Istanbul, one of the oldest cities in the world and a bridge between two continents, played home to two great empires, the Byzantine and Ottoman, each of which wielded hegemony over the Mediterranean and held dominion over three continents.
Atasay’s Myras 2010 ‘Imperial Women’ Collection resurrects and reinterprets the works of art passed down to us from these two empires. In particular, the Myras 2010 Collection pays homage to the Byzantine and Ottoman imperial women, whose names have survived down through the centuries.
Myras, a brand whose designs embody Anatolia’s rich cultural heritage, has dedicated its ‘Imperial Women’ collection to the 2010 Istanbul European Capital of Culture. This collection was created by the Atasay Design Team in consultation with the fashion designer Özlem Süer and the archeologist and editor Nezih Başgelen, and under the direction of Özgül Sokullu.

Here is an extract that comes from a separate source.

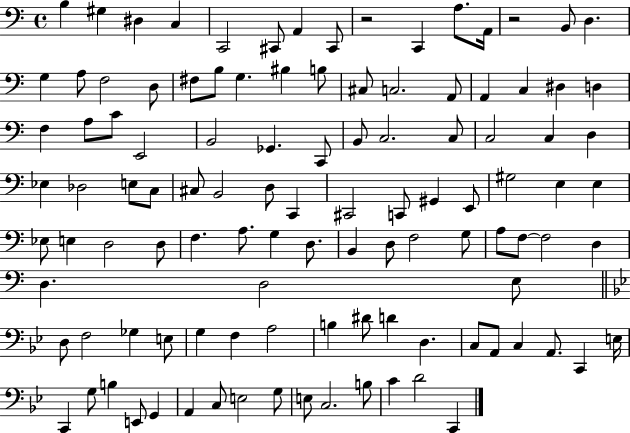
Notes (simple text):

B3/q G#3/q D#3/q C3/q C2/h C#2/e A2/q C#2/e R/h C2/q A3/e. A2/s R/h B2/e D3/q. G3/q A3/e F3/h D3/e F#3/e B3/e G3/q. BIS3/q B3/e C#3/e C3/h. A2/e A2/q C3/q D#3/q D3/q F3/q A3/e C4/e E2/h B2/h Gb2/q. C2/e B2/e C3/h. C3/e C3/h C3/q D3/q Eb3/q Db3/h E3/e C3/e C#3/e B2/h D3/e C2/q C#2/h C2/e G#2/q E2/e G#3/h E3/q E3/q Eb3/e E3/q D3/h D3/e F3/q. A3/e. G3/q D3/e. B2/q D3/e F3/h G3/e A3/e F3/e F3/h D3/q D3/q. D3/h E3/e D3/e F3/h Gb3/q E3/e G3/q F3/q A3/h B3/q D#4/e D4/q D3/q. C3/e A2/e C3/q A2/e. C2/q E3/s C2/q G3/e B3/q E2/e G2/q A2/q C3/e E3/h G3/e E3/e C3/h. B3/e C4/q D4/h C2/q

Magnificent and Stunning Imperial Women of the Palaces
The Myras 2010 ‘Imperial Women’ Collection’s inspirational sources are Topkapı Palace (the stage for many important historical events during the Ottoman’s reign over three continents), Haghia Sophia (which retains its ability to amaze), and the Ottoman and Byzantine imperial women (the Byzantine empresses Theodora and Zoe and the Ottoman sultanas Hürrem and Kösem), who had great influence over everything from affairs of state to art and left their mark on history through their power, their loves, and their beauty. They also left their mark on the places where they lived and the clothes and jewelry they wore.
The breath-taking designs in the Myras ‘Imperial Women’ Collection echo Byzantine and Ottoman imperial cultures, and includes: a ring inspired by the jewelry of a Byzantine Empress; a ring inspired by the ‘zehgir’ ring worn on the thumb when shooting an arrow and containing the portraits of the Byzantine Empress Zoe and the Ottoman Sultan Hürrem; and a necklace inspired by symbols of power that decorated Ottoman thrones.

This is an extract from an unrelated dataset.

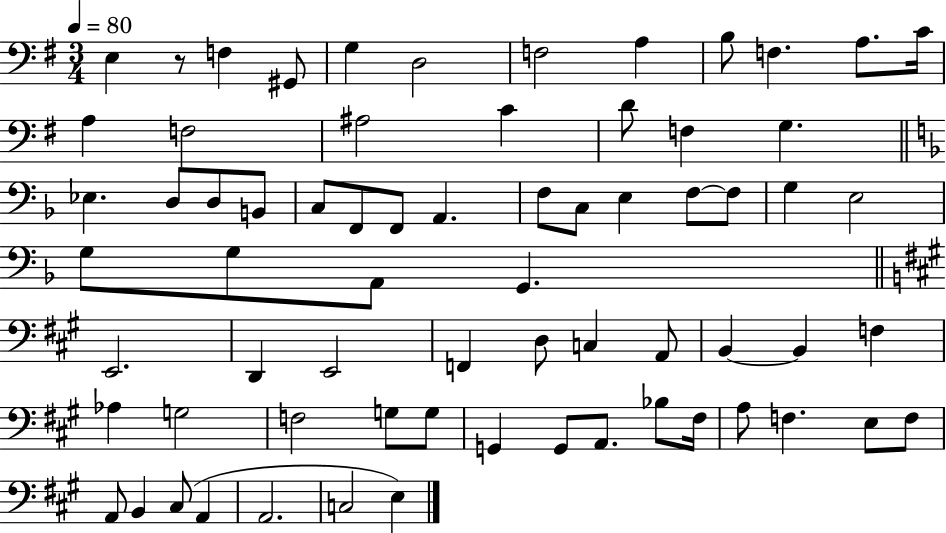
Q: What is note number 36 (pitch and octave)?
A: A2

To live the heritage embodied in the Myras 2010 ‘Imperial Women’ Collection, just go to one of Atasay’s 115 stores in Turkey.

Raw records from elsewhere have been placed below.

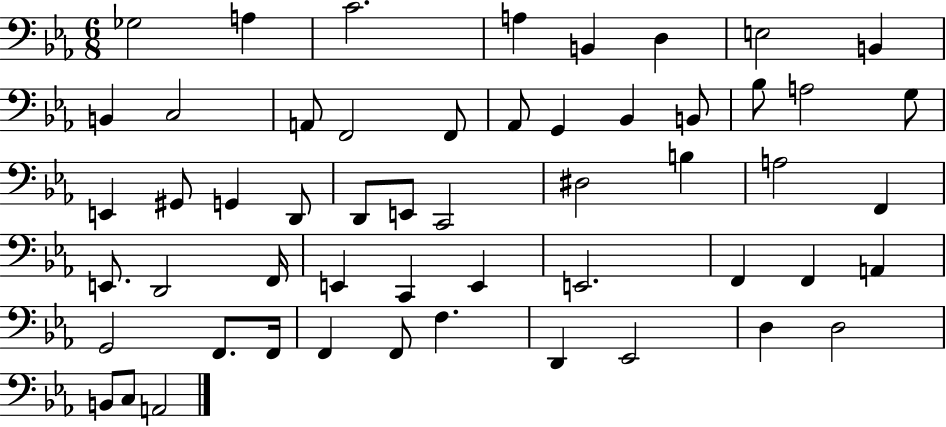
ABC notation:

X:1
T:Untitled
M:6/8
L:1/4
K:Eb
_G,2 A, C2 A, B,, D, E,2 B,, B,, C,2 A,,/2 F,,2 F,,/2 _A,,/2 G,, _B,, B,,/2 _B,/2 A,2 G,/2 E,, ^G,,/2 G,, D,,/2 D,,/2 E,,/2 C,,2 ^D,2 B, A,2 F,, E,,/2 D,,2 F,,/4 E,, C,, E,, E,,2 F,, F,, A,, G,,2 F,,/2 F,,/4 F,, F,,/2 F, D,, _E,,2 D, D,2 B,,/2 C,/2 A,,2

Women of the Byzantine Empire
Theodora, the daughter of a Hippodrome official, married Emperor Justinian I. She was her husband’s greatest assistant throughout his 38-year reign between 527 and 565. It is said that she independently set up many charitable institutions and pushed through important legislation dealing with women’s rights.
Zoe, an ambitious woman, was the daughter of Emperor Constantine VIII. She married four times, and though she shared power as empress, she was much loved by the people. Famous for her profound religious faith, she is remembered as a woman who was preoccupied with her beauty.
Women of the Ottoman Empire
Hürrem Sultan was the wife of the Ottoman Sultan Süleyman the Magnificent and the mother of his successor, Sultan Selim II. She enchanted Süleyman with her beauty and she became the first woman to officially marry an Ottoman sultan. She was intelligent and talented and received special education in the palace. Has sultana, she brought great credit to Süleyman and she was active in corresponding with foreign kings and queens and sending them gifts. Her portraits invariably depict her wearing her jewelry and displaying her unique dress style.
Kösem Sultan became one of the most famous and influential women in Ottoman history. Also known as Mahpeyker Kösem Sultan, she was the consort of Sultan Ahmet I and the mother of Murat IV and Ibrahim I.
Kösem’s eldest son, Murat IV, was 11 years old when he ascended the throne and, in the early years of his reign, she, as the ‘naibe’ (regent), exercised the powers of the sultan – the only woman to have done so. It is said that the well-educated, talented and beautiful Kösem Sultan loved her husband Sultan Ahmet I very much, was passionate about clothes and jewelry, and had good fashion sense.
Topkapı Palace Treasure
The Topkapı Palace treasure, the Hazine-i Hümayun, has been since Ottoman times, one of few truly great treasures in the world. An interesting aspect of this treasure, which evolved and grew over several centuries, is that it has been kept and displayed in a pavilion built by Fatih the Conqueror, the founder of the palace, for an uninterrupted 540 years or so and well into the Republican era.